■ WORK ITEM ■
Set down each of the records below exactly as it reads. No pictures go into the copy.

(Stored entries)
BEGIN

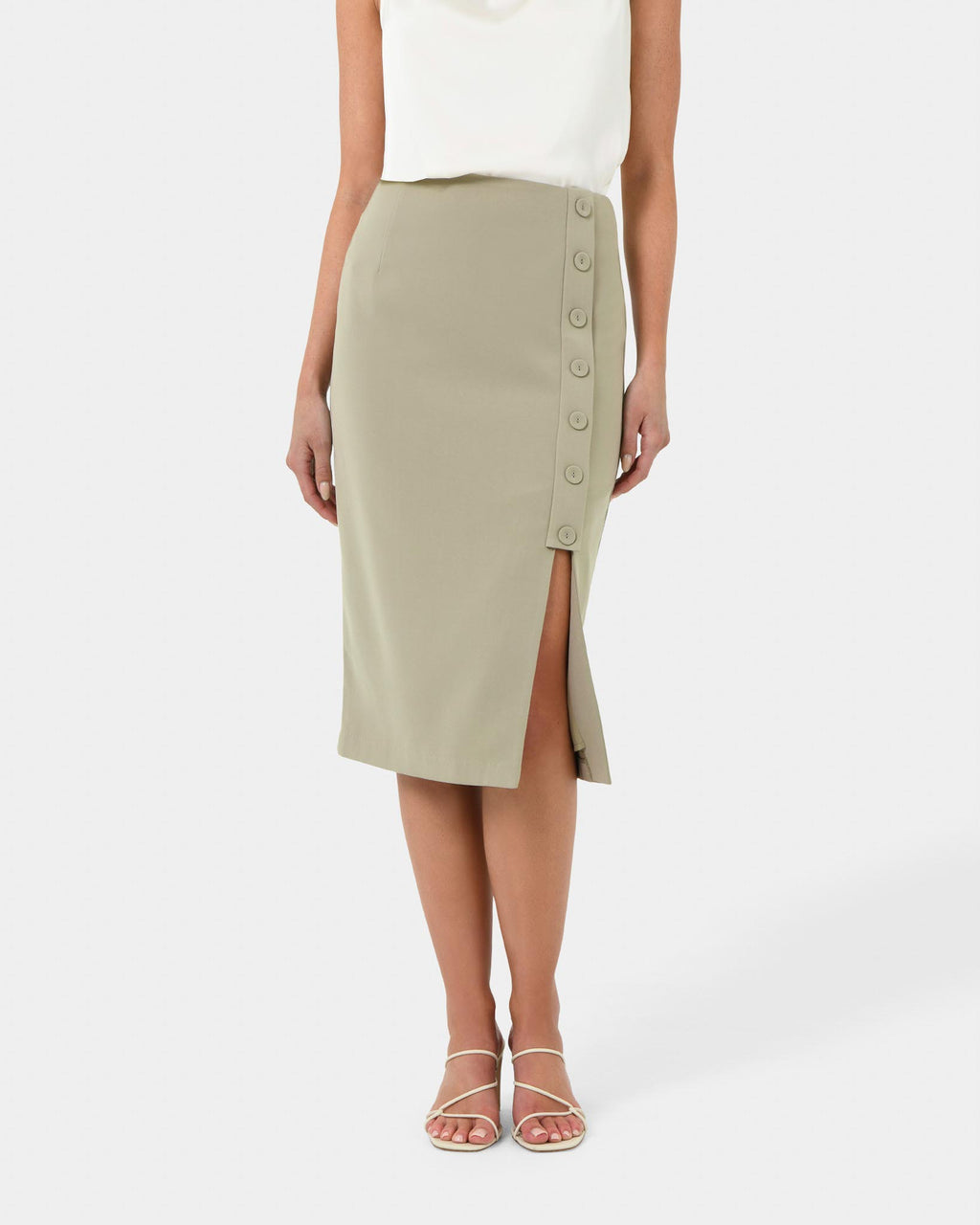Ace Side Button Skirt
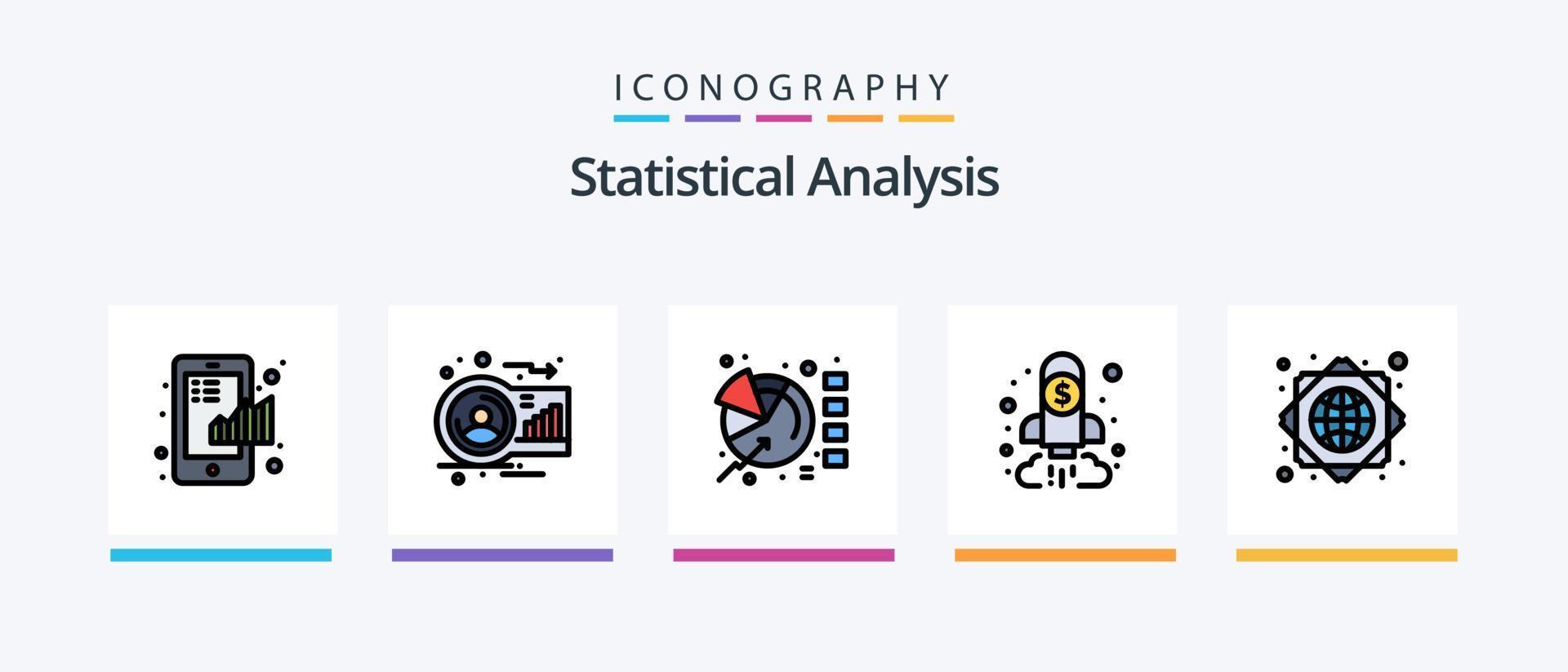 ligne d'analyse statistique remplie de 5 icônes comprenant des statistiques. graphique. graphique. diagramme. argent. conception d'icônes créatives vecteur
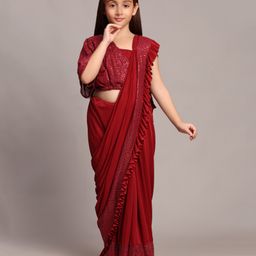 SHRITHI Fashion Fab Sinker Woven Sequins Embellished Wrap Around Saree With Unstitched Blouse Piece - Red-image-97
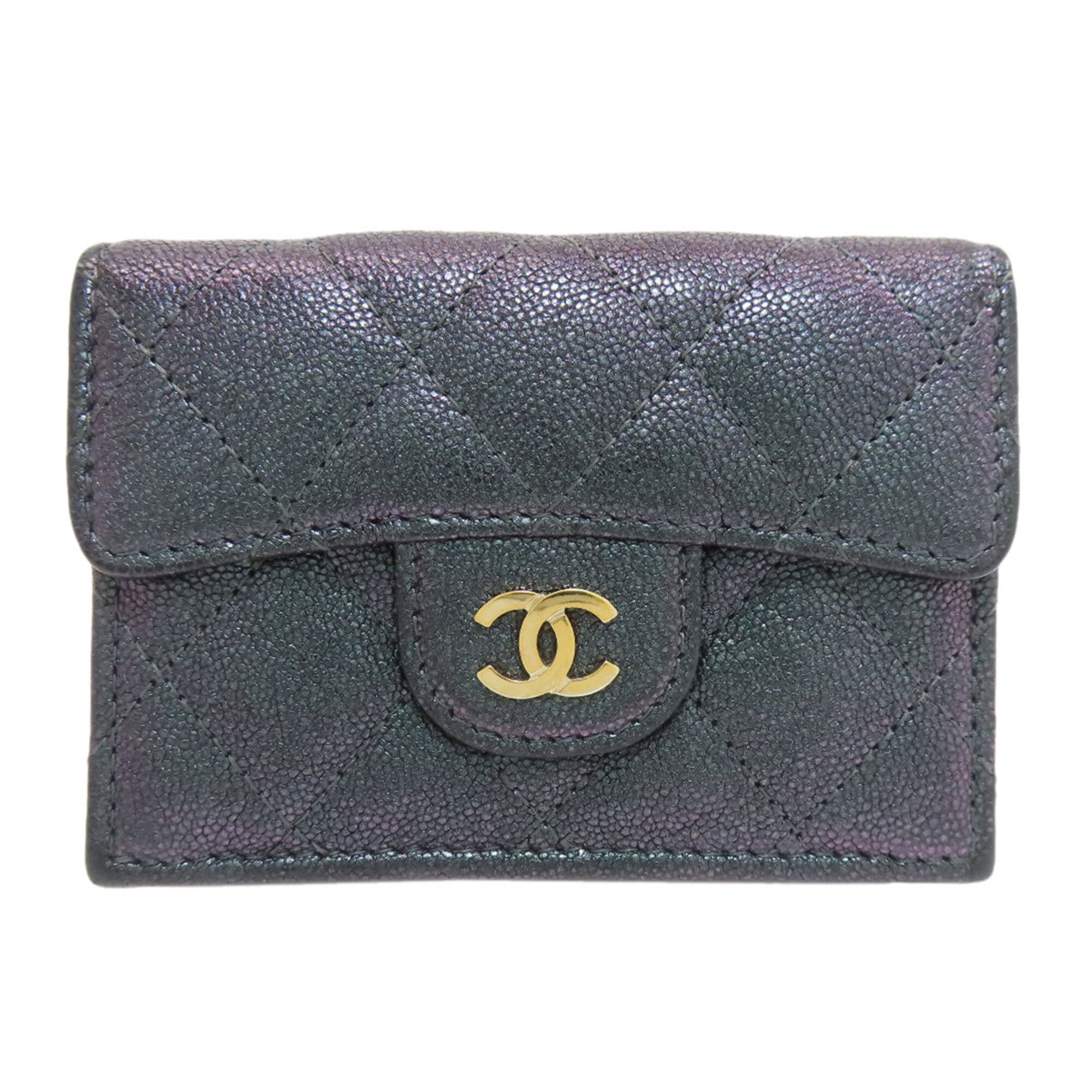 Chanel Black Metallic Purple Leather Wallet (Tri-Fold) (Pre-Owned)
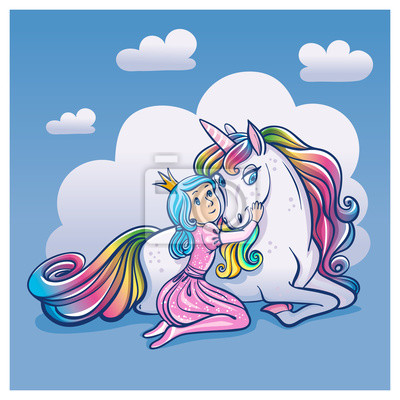 400x400 Little Princess Girl And Cute Unicorn, Vector Illustration Posters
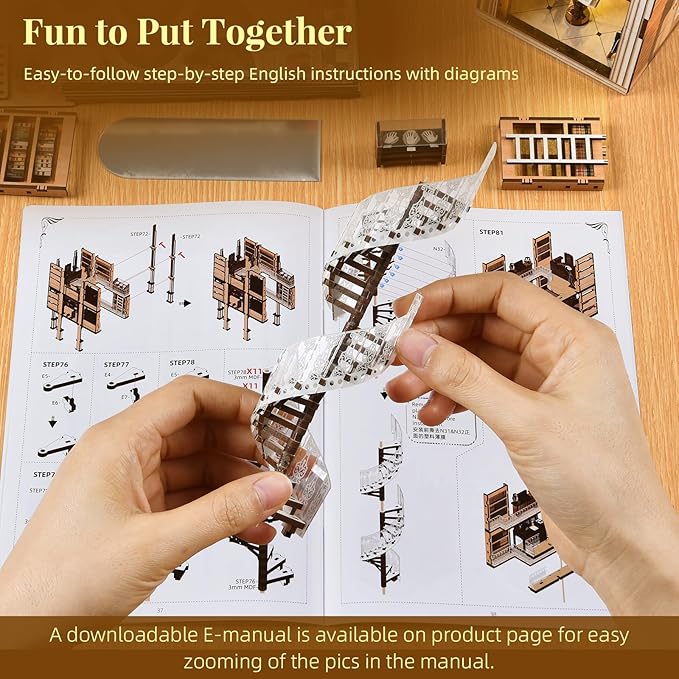 Book Nook Kit Library DIY Miniature House Kit 3D Wooden Puzzle Dollhouse Kit for Adults and Teens Bookshelf Booknook with LED Light (Law Library)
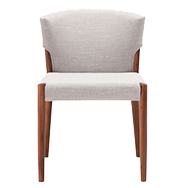 Front view of beige upholstered dining chair with walnut legs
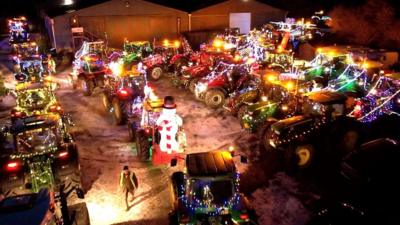 Tractors covered in fairy lights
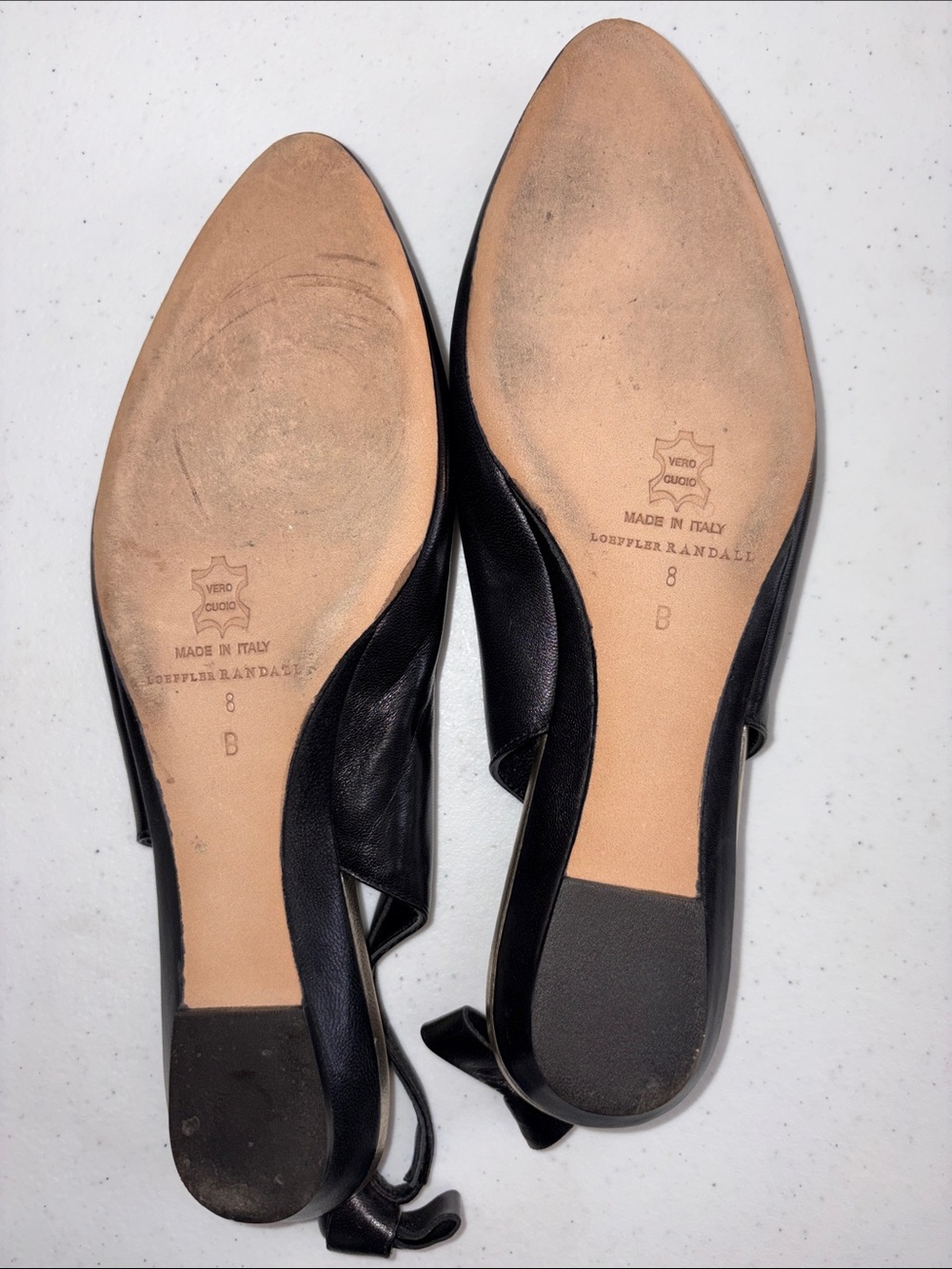 Loeffler Randall Women Black Leather Pointed Slingback Flats 8 Bow Leather Point - Picture 2 of 3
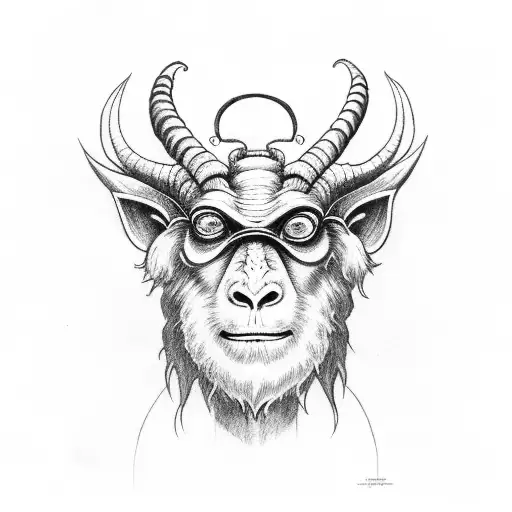 Baphomet With Monkey Face Instead Of Goat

END

■ SOLUTION ■
Ace Side Button Skirt
 ligne d'analyse statistique remplie de 5 icônes comprenant des statistiques. graphique. graphique. diagramme. argent. conception d'icônes créatives vecteur
 SHRITHI Fashion Fab Sinker Woven Sequins Embellished Wrap Around Saree With Unstitched Blouse Piece - Red-image-97
 Chanel Black Metallic Purple Leather Wallet (Tri-Fold) (Pre-Owned)
 400x400 Little Princess Girl And Cute Unicorn, Vector Illustration Posters
 Book Nook Kit Library DIY Miniature House Kit 3D Wooden Puzzle Dollhouse Kit for Adults and Teens Bookshelf Booknook with LED Light (Law Library)
 Front view of beige upholstered dining chair with walnut legs
 Tractors covered in fairy lights
 Loeffler Randall Women Black Leather Pointed Slingback Flats 8 Bow Leather Point - Picture 2 of 3
 Baphomet With Monkey Face Instead Of Goat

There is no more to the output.